AspellLookupTable is a commercial lookup table which has been around since CloverETL 2.6. Because Aspell is a free software spell checker, you might be wondering what it is used for in CloverETL. In fact, AspellLookupTable does not perform any spell checking at all, it “just” allows you to lookup data records with keys similar to the one you provide. This may be useful e.g. when looking for a street whose name is misspelled to a certain extent.
Similarity of String Keys
The similarity of two string keys is measured in terms of edit operations used to “transform” a misspelled key to the correct one. At the moment, CloverETL supports five edit operations: change of character case, character transposition, deletion of a character, insertion of a character, and finally character replacement. Each edit operation is assigned an edit cost which reflects its “seriousness”. By default, edit costs are set to 10, 90, 95, 95, and 100, respectively. As you can see, the difference in character case is not considered as serious as the character transposition. However, it is possible to tweak the edit costs as you wish.
If you add all edit costs of the minimum number of edit operations required to “transform” the misspelled key to the correct one, you get an edit distance of the two keys. In other words, you get the similarity measure of the keys. However, the edit distance itself is just a number which will vary for different keys. Therefore you need to somehow determine which data records should be included in the result set and which should be thrown away. And that’s why you also need to specify a spelling threshold. This threshold is 230 by default but may be changed to best suit your needs.
An example is worth a thousand words, so let’s assume that one of the keys is
"Hello". If you use
"helo" for lookup, the edit distance will be 105 because you had to change the case of
'h' (cost = 10) and to insert another
'l' (cost = 95). If you used
"Halllo" instead, the edit distance would be 195 (
'a' was replaced by
'e' and one
'l' had to be removed). Both these queries would return a non-empty result set as their edit distance is below the spelling threshold. On the other hand,
"Bye" as a lookup key would result in an empty result set as its edit distance is way above the threshold.

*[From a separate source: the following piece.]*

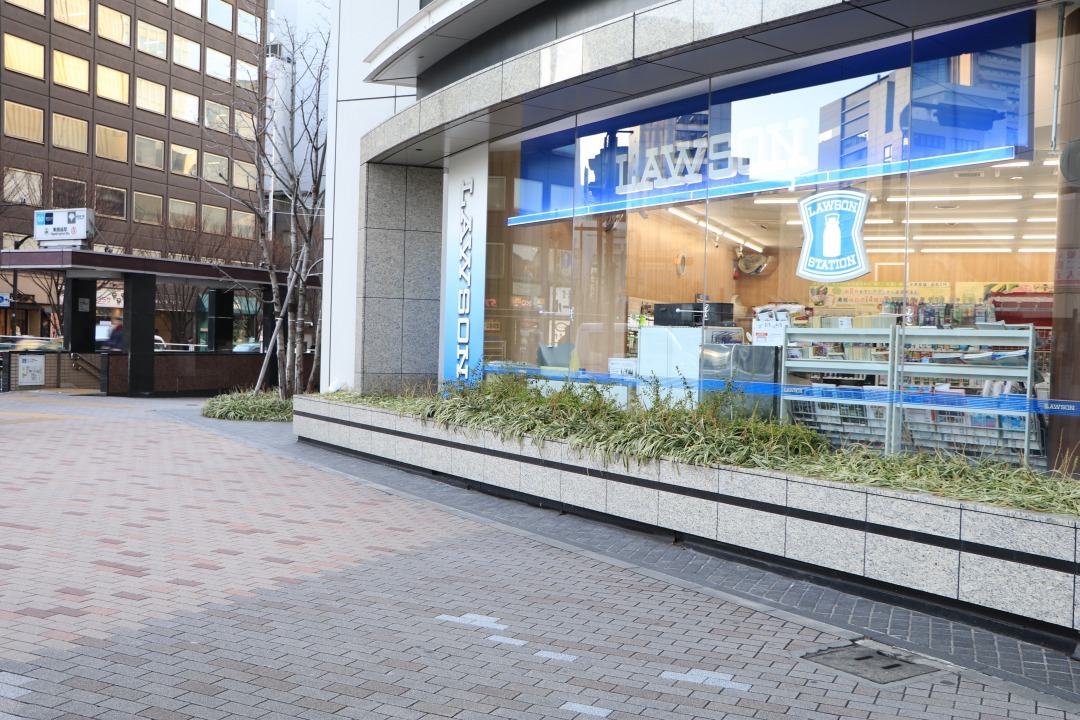 コンビニ　ローソン東銀座駅前店（コンビニ）まで55m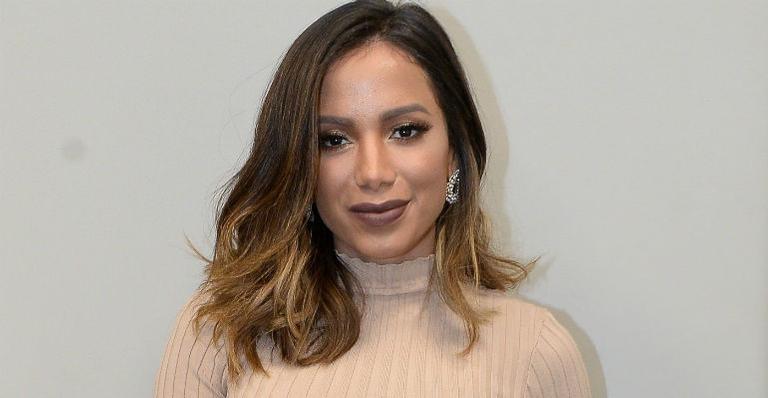 Anitta comenta sobre Caio Castro: ”Bofe que tem dona vai contra as minhas regras”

AspellLookupTable in Action
AspellLookupTable is a great candidate for address cleansing. Imagine you have a huge list of incorrectly spelled street names and you need to determine whether these streets actually exist in a certain town or city. You also have a directory of correctly spelled street names with several additional information, e.g. the town name, its region, etc. In the end, you want a list of all the streets, and corresponding towns, that do exist. Does it seem difficult? No, it’s a piece of cake with CloverETL:
First you need to set up your AspellLookupTable instance to load the street directory. Then you just load the invalid addresses and “pair” them with existing streets using the lookup table. When you have all the streets joined with whatever data you need, you may perform some further processing and then store the result in a flat file. Pretty simple, huh?